Im Laufe von zwölf Jahren zugewachsen: das Gelände des ehemaligen Tennisplatzes in Kettwig-Ickten.
Im Laufe von zwölf Jahren zugewachsen: das Gelände des ehemaligen Tennisplatzes in Kettwig-Ickten. © FUNKE Foto Services | Oliver Müller

Der Grund: Die Genossen aus der Bezirksvertretung IX hatten sich gegen den Bebauungsplan ausgesprochen. SPD-Vertreter Heinz Schnetger hatte damals auf die Vielzahl der Einsprüche gegen eine Bebauung hingewiesen. Auch fehle die Verhältnismäßigkeit: „Für höchstens 30 Wohnungen wurde hier ein unerträglicher Aufwand getrieben. Man muss vorgenutzte Flächen nicht weiternutzen, man kann den Icktener Bach renaturieren.“

Das war selbst für den Vorsitzenden überraschend

Am Donnerstag im Rathaus ergriff hingegen keiner aus der SPD-Fraktion das Wort. Während Holger Ackermann (Tierschutzpartei) und Wolfgang Freye (Die Linke) Plädoyers für den Erhalt des auf der Brache entstandenen Grünzuges hielten, auf vier Dürresommer, Klimaveränderungen und „den unschätzbaren Wert eines solchen Bachtals für den Stadtteil Kettwig“ hinwiesen, schwieg sich die SPD aus.

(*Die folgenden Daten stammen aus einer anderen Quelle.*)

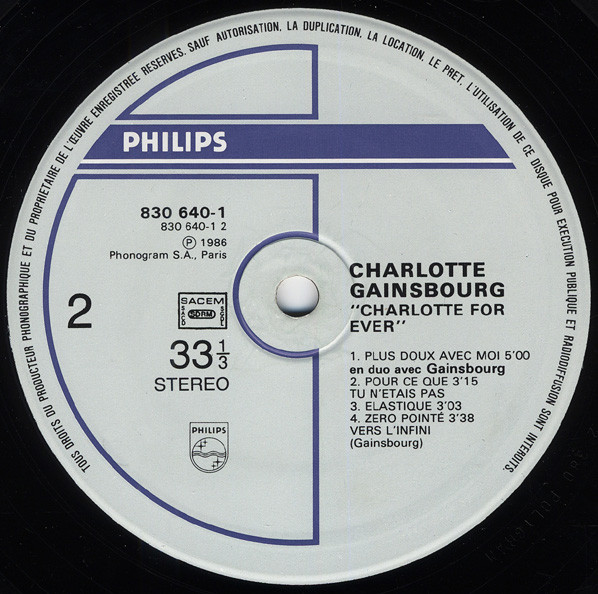 Charlotte Gainsbourg - Charlotte For Ever | Philips (830 640 1) - 4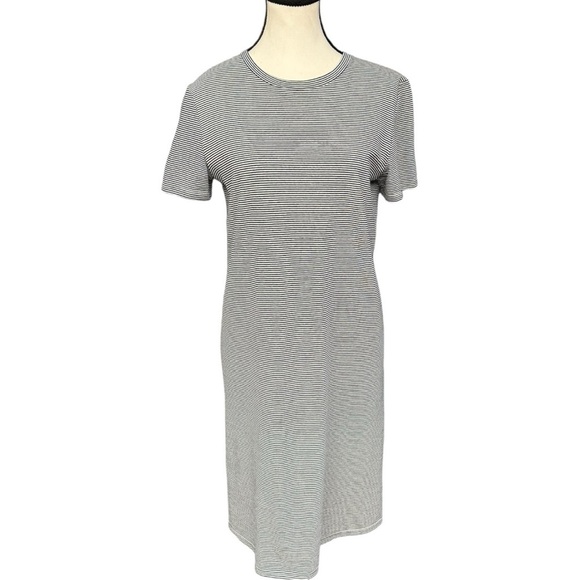Theory Striped Cotton T-Shirt Dress Size Medium Navy White Casual Classic - Picture 1 of 9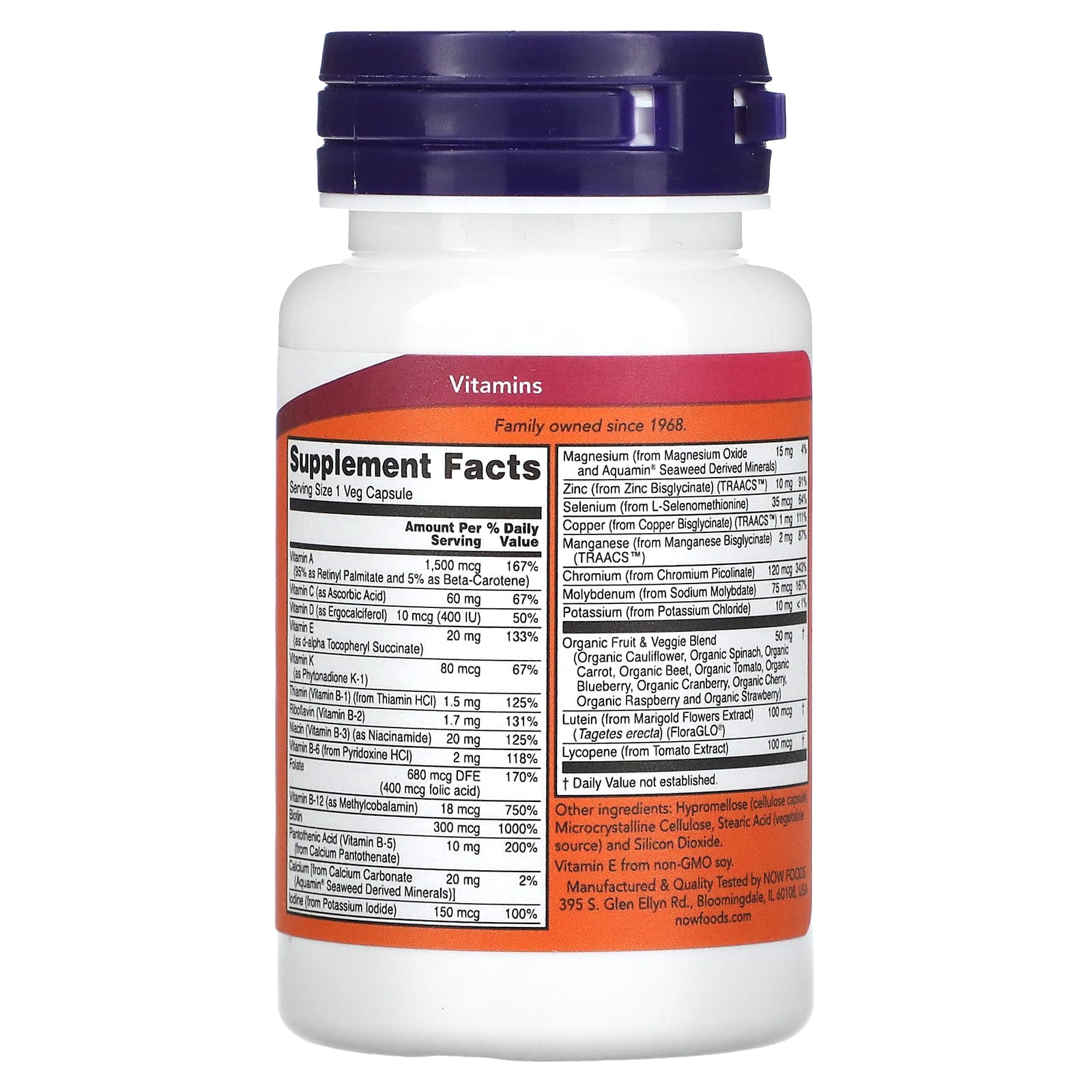 NOW Foods, Daily Vits, 30 Veg Capsules - Image 2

Am Gelände, auf dem inzwischen ein richtiger Wald entstanden ist, führt der Kettwiger Panoramasteig vorbei.
Am Gelände, auf dem inzwischen ein richtiger Wald entstanden ist, führt der Kettwiger Panoramasteig vorbei. © FUNKE Foto Services | Oliver Müller

Das fiel selbst dem Ausschussvorsitzenden Guntmar Kipphardt (CDU) auf. „Angesichts der Bedenken, die die SPD in der BV vorgetragen hatte, habe ich anderes erwartet.“ Überaus überrascht sei er dann auch gewesen, dass die SPD anschließend mit CDU und Grünen für den Bebauungsplan stimmte.

SPD stellte Argumente auf den Prüfstand

Wie kommt das zustande? Philipp Rosenau, planungspolitischer Sprecher der SPD-Ratsfraktion, ist sich des „etwas schiefen Eindrucks“ bewusst. Die ablehnende Haltung der SPD-Fraktion in der BV habe sich nicht geändert, wohl aber die Bewertung der SPD auf Ratsebene. „Wir haben nach der Verschiebung des Themas im ASPB nochmals eingehend über das Thema gesprochen und die Argumente auf den Prüfstand gestellt.“

Einbezogen worden sei auch das Klimagutachten, das die Stadt Essen in Auftrag gegeben hatte und dessen Ergebnisse kürzlich bekannt gemacht wurden. „Gerade diese Klimaanalyse hat für das Icktener Bachtal nämlich festgestellt, dass dies für Kettwig eines der wenigen Gebiete ist, wo aus rechtlicher Sicht eine maßvolle Nachverdichtung möglich ist“, erklärt Rosenau und widerspricht damit der Argumentation der IG Ickten.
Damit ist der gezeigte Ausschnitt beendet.